Hear ye, hear ye! On Friday, Oct. 28, 2016 Rowan University’s South Jersey Tech Park lawn became a battleground of the medieval kind. The university’s chapter of the American Society of Mechanical Engineers (ASME) hosted the annual Pumpkin Chunkin’, with schools around the region building high-caliber trebuchets to participate in an epic pumpkin-launching competition.
This year’s medieval theme could be felt out on the range, where the hand-drawn targets included knights, bears and court jesters. Hundreds of spectators came to watch thousands of pumpkins launched into the 400-foot firing zone. Schools earned points for hitting targets as well as for distance achieved.
Junior mechanical engineering student Tom Mosolovich explained the preparation which went into the event.
“The ASME chapter has been building for about a month, while also working with the school to find a space for this year’s big turnout. Our senior members were a major part of making this event a success during their last year,” he said.
This year’s competitors included neighboring Philadelphia University, The College of New Jersey, and University of Delaware, among others. Some found success, while others struggled.
“Our team motto was ‘works every time’ but our trebuchet only worked twice,” the Philadelphia University team told us, still in good spirits after attending the event.

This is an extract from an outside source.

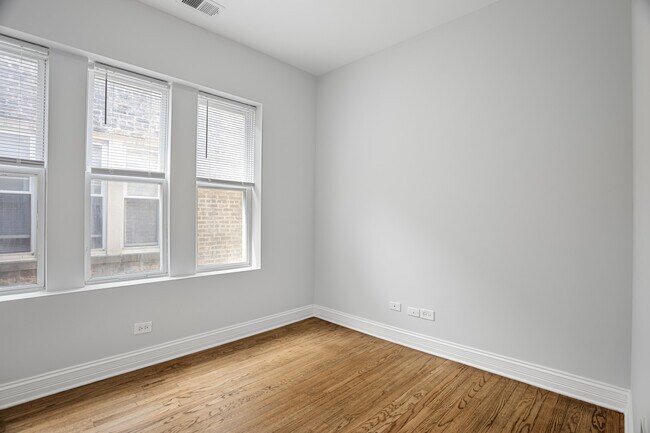 Building Photo - 7324 N Damen Ave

Engineering clubs from local high schools also participated, including Glassboro High School and Washington Township High School (Gloucester County.) Washington Township, which brought two teams of students from its Science League, described the critical thinking which goes into building trebuchets for an event like this.
“My team is made up of mostly juniors,” said Grace Robertson. “We are veteran competitors and decided that the targets wouldn’t be our focus this year. We built with distance in mind, and safety first.”
High school senior Kyle Lucero represented the other Washington Township team who took a different approach.
“Our team is made up of senior competitors, almost all of whom want to continue into engineering in college. We built our trebuchet to be as accurate as possible—and we came to win.”
The atmosphere was clearly an inspiring one for the high schoolers, who were excited to show off their skills to their college counterparts. And their desire to impress, and still have fun, paid off. The two stand-out teams from Millville High School took first and second place overall.
Millville’s robotics teacher talked about the challenges overcome to attend the Pumpkin Chunkin’ for the first time.
“Our school was only able to provide funds to build one trebuchet. But so many students wanted to be involved that we had two teams, two designs,” said Shawn Jenkins.
Home Depot was kind enough to match the supplies the school was able to sponsor, so that both Millville teams’ designs could come to fruition. And good thing they did! The all-girls team from the school took first-place, with their male peers taking second.
When asked what set them apart for the win, engineering instructor Gerald Bruman described the students’ dedication.
“These students were there after school hours, even on their days off,” he said. The students’ designs were modeled on computers with the SolidWorks program before being built in the woodshop.
And maybe a little practice had something to do with it. The week before the event, vendors from the Bridgeton Amish Market were kind enough to donate practice pumpkins to the school. The students were able to make adjustments with real experience to back them up.
With so many young participants getting a taste for Rowan engineering, the event seemed like a success of medieval proportions.